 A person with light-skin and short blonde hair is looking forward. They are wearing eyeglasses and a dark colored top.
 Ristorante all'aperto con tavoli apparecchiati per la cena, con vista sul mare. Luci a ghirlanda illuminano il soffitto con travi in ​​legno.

##############################

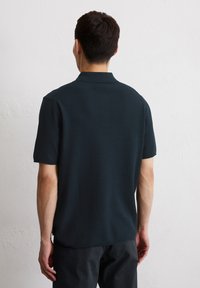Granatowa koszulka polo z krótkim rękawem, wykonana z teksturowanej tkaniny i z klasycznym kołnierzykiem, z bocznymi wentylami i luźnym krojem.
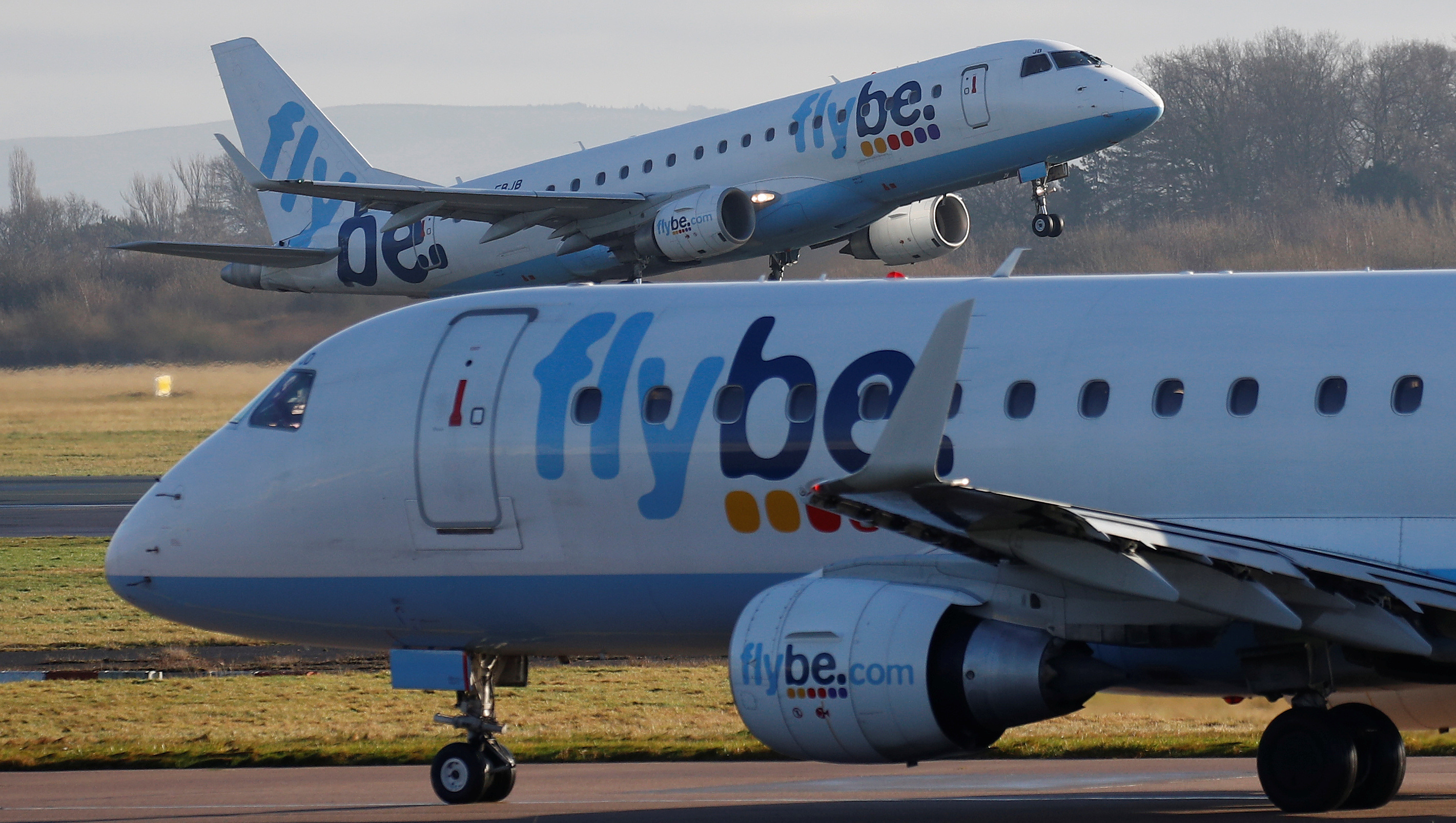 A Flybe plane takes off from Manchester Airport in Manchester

##############################

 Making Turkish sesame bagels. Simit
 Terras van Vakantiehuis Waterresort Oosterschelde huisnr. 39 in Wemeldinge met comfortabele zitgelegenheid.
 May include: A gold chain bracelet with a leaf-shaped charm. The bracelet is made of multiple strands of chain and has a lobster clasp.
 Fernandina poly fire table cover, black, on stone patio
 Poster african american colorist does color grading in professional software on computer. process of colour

##############################

#### WHAT NEEDS TO BE DONE
Lines holding the word "with" in the entries above are the ones to pull out. Copy them all.

#### SOLUTION TO THIS TASK
 A person with light-skin and short blonde hair is looking forward. They are wearing eyeglasses and a dark colored top.
 May include: A gold chain bracelet with a leaf-shaped charm. The bracelet is made of multiple strands of chain and has a lobster clasp.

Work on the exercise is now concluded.